*Activity*
Without a single alteration, write the listing out again.

*Records for this task*
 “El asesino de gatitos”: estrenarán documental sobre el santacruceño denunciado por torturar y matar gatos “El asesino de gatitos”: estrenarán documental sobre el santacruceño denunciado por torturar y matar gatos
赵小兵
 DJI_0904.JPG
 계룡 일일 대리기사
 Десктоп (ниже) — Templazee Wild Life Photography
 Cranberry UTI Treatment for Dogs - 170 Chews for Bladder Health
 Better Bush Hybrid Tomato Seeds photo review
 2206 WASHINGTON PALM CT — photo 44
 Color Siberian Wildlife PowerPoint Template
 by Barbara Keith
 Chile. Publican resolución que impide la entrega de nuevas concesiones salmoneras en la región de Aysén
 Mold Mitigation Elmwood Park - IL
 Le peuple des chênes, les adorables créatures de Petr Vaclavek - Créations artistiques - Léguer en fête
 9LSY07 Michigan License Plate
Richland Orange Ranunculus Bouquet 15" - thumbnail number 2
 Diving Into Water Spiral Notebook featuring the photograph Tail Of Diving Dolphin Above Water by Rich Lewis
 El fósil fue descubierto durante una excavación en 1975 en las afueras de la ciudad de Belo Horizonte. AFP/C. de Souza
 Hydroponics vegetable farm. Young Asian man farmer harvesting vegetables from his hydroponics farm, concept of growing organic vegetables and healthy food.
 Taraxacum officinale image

*Reply*
 “El asesino de gatitos”: estrenarán documental sobre el santacruceño denunciado por torturar y matar gatos “El asesino de gatitos”: estrenarán documental sobre el santacruceño denunciado por torturar y matar gatos
赵小兵
 DJI_0904.JPG
 계룡 일일 대리기사
 Десктоп (ниже) — Templazee Wild Life Photography
 Cranberry UTI Treatment for Dogs - 170 Chews for Bladder Health
 Better Bush Hybrid Tomato Seeds photo review
 2206 WASHINGTON PALM CT — photo 44
 Color Siberian Wildlife PowerPoint Template
 by Barbara Keith
 Chile. Publican resolución que impide la entrega de nuevas concesiones salmoneras en la región de Aysén
 Mold Mitigation Elmwood Park - IL
 Le peuple des chênes, les adorables créatures de Petr Vaclavek - Créations artistiques - Léguer en fête
 9LSY07 Michigan License Plate
Richland Orange Ranunculus Bouquet 15" - thumbnail number 2
 Diving Into Water Spiral Notebook featuring the photograph Tail Of Diving Dolphin Above Water by Rich Lewis
 El fósil fue descubierto durante una excavación en 1975 en las afueras de la ciudad de Belo Horizonte. AFP/C. de Souza
 Hydroponics vegetable farm. Young Asian man farmer harvesting vegetables from his hydroponics farm, concept of growing organic vegetables and healthy food.
 Taraxacum officinale image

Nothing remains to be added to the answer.